DATA EXTRACT:
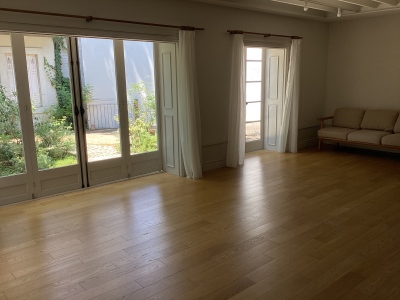 Room1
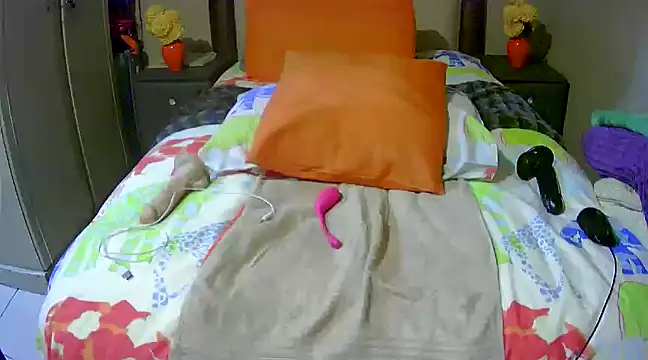 Snapshot of Kimmyboobs chatting on 03-18-25, 05:21 Kimmyboobs online show from 03-18-25, 05:21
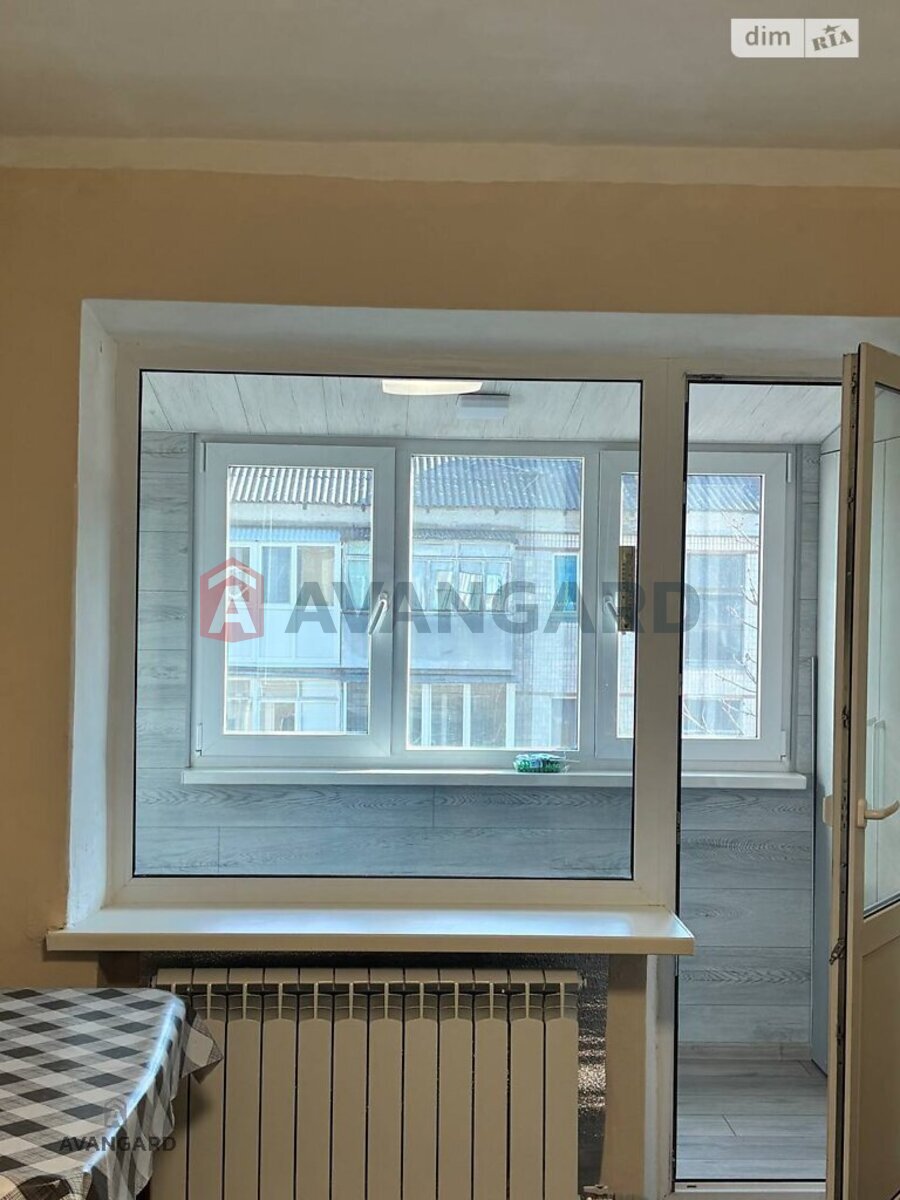 1 ����. ��������, 30/17/6 ��. �., 5/5 ���� ���� 3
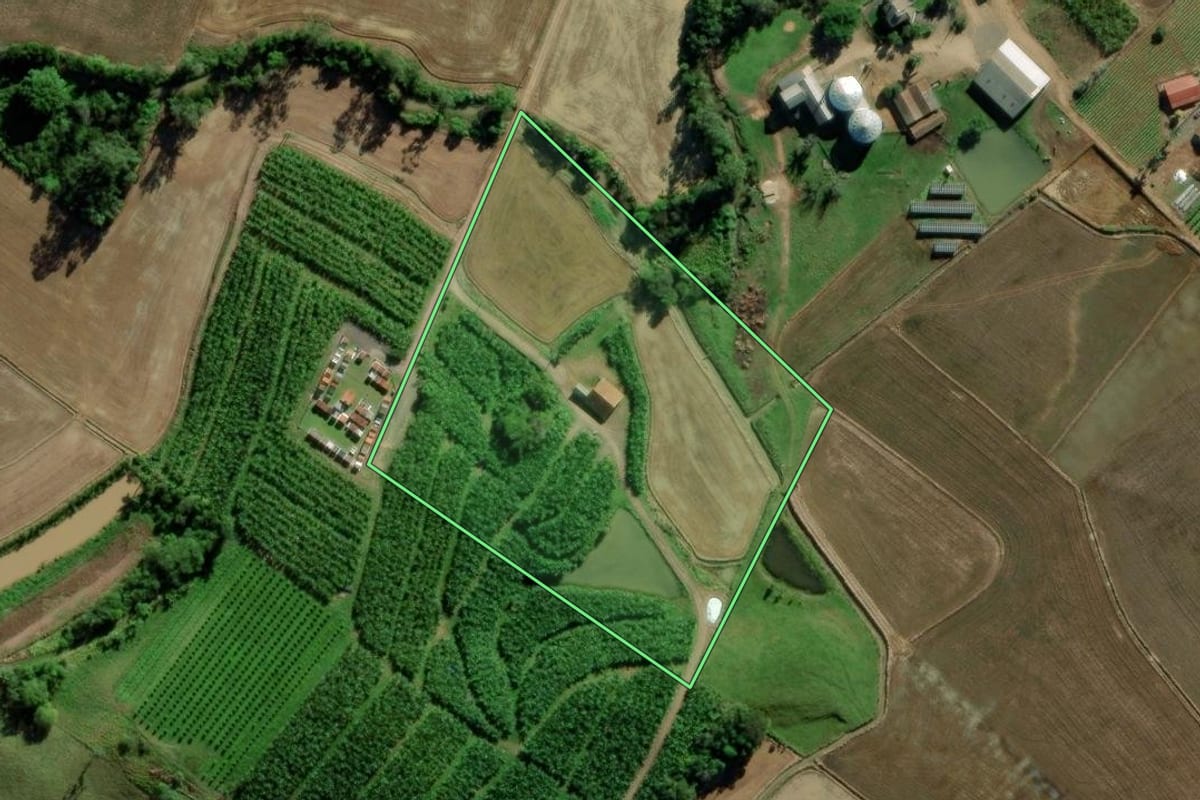Imagem de satélite do imóvel rural em Ermo (SC), com o contorno declarado no CAR desenhado por cima.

INSTRUCTIONS TO FOLLOW: Each line of the data above needs to be retyped as it is, without any picture.

TASK OUTPUT:
 Room1
 Snapshot of Kimmyboobs chatting on 03-18-25, 05:21 Kimmyboobs online show from 03-18-25, 05:21
 1 ����. ��������, 30/17/6 ��. �., 5/5 ���� ���� 3
Imagem de satélite do imóvel rural em Ermo (SC), com o contorno declarado no CAR desenhado por cima.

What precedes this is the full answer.